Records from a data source
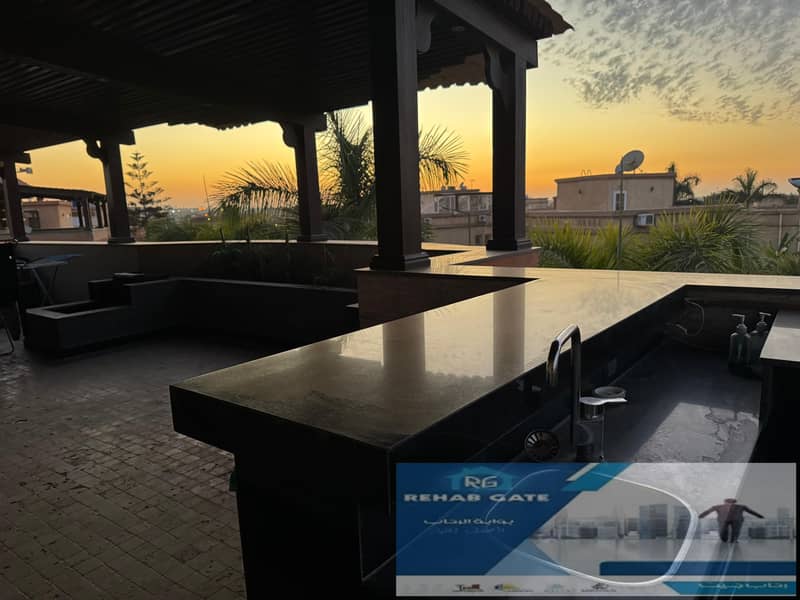 27 391aa116-a9a9-4094-9c08-9ac098d0f2f7. jpg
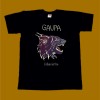 GAUPA T-SHIRT - FEBERDROM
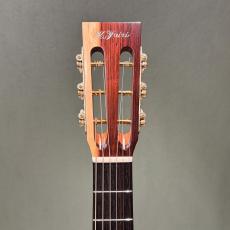 K.Yairi NY-120V SG CTM_3
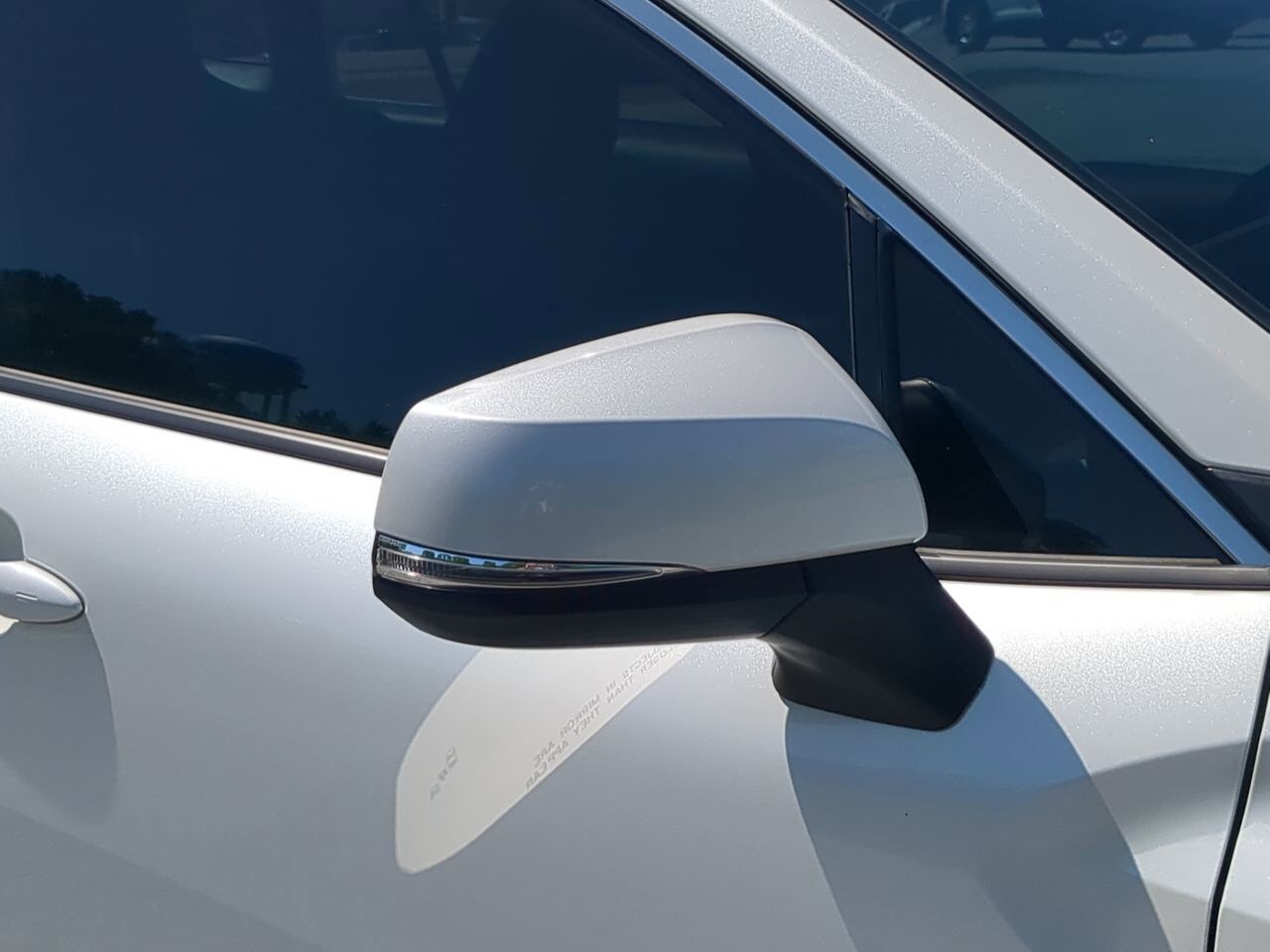 2023 Toyota Corolla Cross XLE Winder GA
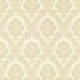 Papel de Parede TRIANON 570526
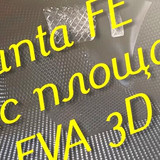 99aa3d572a3f9ac6d186f97c9a08bfd6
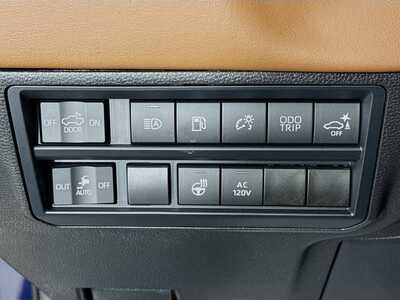 2024 Toyota Tundra, $61977. Photo 10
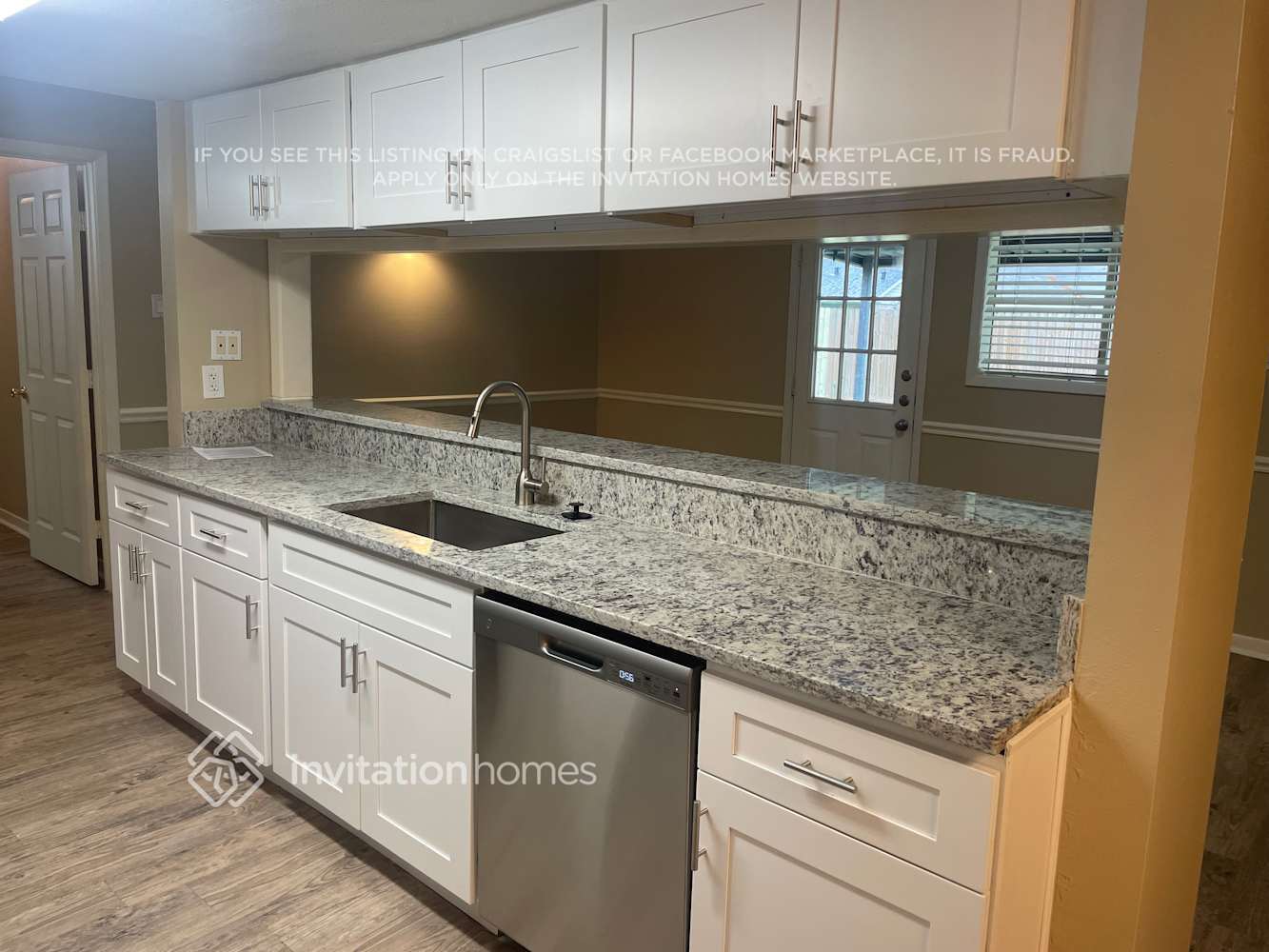 Building Photo - 10418 Winding Trail Rd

Work instruction
Please leave out the pictures while you copy exactly the lines from the one containing "2024 Toyota Tundra, $61977. Photo 10" through the end of the records.

Answer to this exercise
 2024 Toyota Tundra, $61977. Photo 10
 Building Photo - 10418 Winding Trail Rd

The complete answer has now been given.